__Collected data__:
________
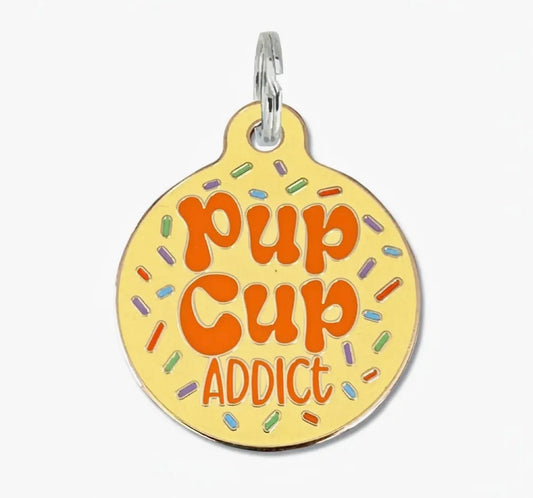 NEW ITEM PUP CUP ADDICT Bad Dog Tags (QR coded)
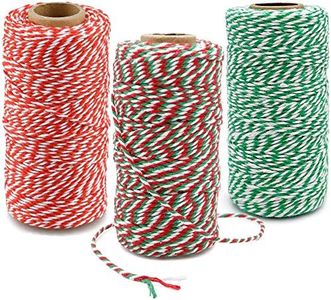 jijAcraft Christmas Twine String, 984 Feet Christmas Bakers Twine String, 2MM Heavy Duty Packing String for DIY Crafts, Christmas Decoration, Gift Wrapping, Craft Wrapping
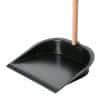 Creative Co-Op Beech Wood Broom & Standing Metal Dust Pan, Natural & Black, Set of 2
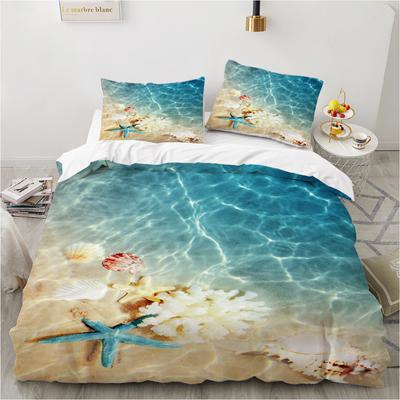 Seashells Bedding Set Duvet Cover Set 140x200cm 240x220cm Soft Hypoallergenic Queen/King Size Bedding Set Vacation Style Bedroom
________
__Your goal__:
This task calls for restating, word for word, each line from the line holding "jijAcraft Christmas Twine" through the end of the material, pictures left out.

__Answer area__:
 jijAcraft Christmas Twine String, 984 Feet Christmas Bakers Twine String, 2MM Heavy Duty Packing String for DIY Crafts, Christmas Decoration, Gift Wrapping, Craft Wrapping
 Creative Co-Op Beech Wood Broom & Standing Metal Dust Pan, Natural & Black, Set of 2
 Seashells Bedding Set Duvet Cover Set 140x200cm 240x220cm Soft Hypoallergenic Queen/King Size Bedding Set Vacation Style Bedroom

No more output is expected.